- _Exercise details_
Filter these entries down to the lines that hold the word "Furniture", and show each of them.

(Collection entries)
********

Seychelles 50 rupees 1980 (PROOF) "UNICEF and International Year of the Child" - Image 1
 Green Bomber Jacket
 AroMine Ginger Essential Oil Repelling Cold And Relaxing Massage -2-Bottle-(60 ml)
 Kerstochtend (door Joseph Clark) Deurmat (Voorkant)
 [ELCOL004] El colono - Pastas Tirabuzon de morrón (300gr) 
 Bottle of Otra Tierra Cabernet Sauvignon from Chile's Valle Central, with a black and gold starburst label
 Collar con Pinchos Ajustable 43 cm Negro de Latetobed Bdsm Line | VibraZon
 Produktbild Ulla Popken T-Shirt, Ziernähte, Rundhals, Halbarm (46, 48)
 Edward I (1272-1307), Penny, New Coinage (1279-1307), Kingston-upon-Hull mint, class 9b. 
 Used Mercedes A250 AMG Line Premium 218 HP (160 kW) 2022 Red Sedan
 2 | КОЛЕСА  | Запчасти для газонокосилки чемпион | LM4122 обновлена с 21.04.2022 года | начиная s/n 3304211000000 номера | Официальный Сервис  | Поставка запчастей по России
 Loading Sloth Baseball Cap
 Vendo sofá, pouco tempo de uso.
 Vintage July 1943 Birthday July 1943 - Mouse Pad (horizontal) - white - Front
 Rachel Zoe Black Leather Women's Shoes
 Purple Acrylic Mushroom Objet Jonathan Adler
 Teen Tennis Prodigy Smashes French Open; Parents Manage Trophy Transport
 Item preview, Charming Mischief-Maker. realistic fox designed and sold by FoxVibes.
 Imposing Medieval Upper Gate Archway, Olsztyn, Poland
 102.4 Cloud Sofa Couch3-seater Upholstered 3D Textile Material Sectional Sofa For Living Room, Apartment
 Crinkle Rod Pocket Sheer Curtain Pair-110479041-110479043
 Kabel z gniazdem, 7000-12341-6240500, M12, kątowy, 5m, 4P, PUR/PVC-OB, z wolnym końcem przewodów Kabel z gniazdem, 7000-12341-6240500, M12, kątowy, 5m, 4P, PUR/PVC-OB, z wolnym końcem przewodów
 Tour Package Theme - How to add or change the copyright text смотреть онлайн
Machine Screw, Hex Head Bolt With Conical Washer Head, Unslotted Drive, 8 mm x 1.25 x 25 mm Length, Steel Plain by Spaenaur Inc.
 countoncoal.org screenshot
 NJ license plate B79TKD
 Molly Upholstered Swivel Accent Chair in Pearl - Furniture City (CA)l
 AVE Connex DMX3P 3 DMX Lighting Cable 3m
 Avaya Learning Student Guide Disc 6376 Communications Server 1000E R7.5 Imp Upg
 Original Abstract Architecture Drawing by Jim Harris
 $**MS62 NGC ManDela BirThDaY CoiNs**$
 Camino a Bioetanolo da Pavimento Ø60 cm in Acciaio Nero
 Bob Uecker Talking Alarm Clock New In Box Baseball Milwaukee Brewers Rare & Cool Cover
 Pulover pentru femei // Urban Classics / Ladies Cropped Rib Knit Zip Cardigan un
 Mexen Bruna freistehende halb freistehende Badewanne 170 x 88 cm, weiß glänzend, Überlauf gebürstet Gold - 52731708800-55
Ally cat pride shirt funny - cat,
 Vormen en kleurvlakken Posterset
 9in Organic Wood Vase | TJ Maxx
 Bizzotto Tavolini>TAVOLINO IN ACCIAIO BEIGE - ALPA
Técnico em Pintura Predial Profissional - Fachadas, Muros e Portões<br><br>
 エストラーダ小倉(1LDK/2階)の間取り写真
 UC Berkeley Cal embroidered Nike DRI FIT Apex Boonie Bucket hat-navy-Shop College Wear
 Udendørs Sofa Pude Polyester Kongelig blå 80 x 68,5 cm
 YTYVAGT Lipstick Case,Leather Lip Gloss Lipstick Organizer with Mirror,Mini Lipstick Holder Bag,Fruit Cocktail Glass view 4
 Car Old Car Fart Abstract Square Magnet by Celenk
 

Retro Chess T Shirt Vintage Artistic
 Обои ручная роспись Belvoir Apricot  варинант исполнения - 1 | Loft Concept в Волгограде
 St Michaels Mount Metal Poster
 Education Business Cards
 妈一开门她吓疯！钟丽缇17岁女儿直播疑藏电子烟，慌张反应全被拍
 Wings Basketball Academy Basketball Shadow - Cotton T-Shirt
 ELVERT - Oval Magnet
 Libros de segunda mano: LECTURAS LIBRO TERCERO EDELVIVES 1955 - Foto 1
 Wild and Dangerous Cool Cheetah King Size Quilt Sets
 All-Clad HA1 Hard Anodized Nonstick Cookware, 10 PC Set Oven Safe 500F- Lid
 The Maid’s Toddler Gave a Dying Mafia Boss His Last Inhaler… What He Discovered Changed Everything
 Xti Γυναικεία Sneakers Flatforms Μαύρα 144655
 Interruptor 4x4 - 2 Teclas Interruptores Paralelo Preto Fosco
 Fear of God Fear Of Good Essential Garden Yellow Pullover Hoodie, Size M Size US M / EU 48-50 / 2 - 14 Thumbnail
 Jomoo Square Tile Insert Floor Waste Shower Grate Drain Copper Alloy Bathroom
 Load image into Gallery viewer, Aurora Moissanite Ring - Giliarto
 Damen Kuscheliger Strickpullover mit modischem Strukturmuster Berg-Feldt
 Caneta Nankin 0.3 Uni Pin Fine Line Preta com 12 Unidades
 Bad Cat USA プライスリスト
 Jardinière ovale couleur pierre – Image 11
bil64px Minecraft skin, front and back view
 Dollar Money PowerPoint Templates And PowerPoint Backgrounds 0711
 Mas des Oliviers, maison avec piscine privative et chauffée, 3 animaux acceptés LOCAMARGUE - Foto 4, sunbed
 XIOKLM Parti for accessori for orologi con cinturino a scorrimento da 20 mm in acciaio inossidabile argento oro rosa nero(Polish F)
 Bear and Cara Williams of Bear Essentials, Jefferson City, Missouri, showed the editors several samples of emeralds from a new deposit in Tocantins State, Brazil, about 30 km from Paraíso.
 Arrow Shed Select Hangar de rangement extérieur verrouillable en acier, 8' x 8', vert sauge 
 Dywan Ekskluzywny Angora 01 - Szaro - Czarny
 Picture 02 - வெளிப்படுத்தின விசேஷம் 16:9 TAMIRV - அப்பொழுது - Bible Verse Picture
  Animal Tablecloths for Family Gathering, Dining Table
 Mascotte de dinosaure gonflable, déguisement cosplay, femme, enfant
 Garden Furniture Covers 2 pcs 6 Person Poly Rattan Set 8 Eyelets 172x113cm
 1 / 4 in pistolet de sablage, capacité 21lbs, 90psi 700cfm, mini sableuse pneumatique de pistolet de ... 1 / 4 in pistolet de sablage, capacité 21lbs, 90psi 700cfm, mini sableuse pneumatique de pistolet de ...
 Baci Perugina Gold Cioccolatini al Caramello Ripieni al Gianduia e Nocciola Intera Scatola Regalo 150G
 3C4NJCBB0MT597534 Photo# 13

********

- _Exercise response_
 Molly Upholstered Swivel Accent Chair in Pearl - Furniture City (CA)l
 Garden Furniture Covers 2 pcs 6 Person Poly Rattan Set 8 Eyelets 172x113cm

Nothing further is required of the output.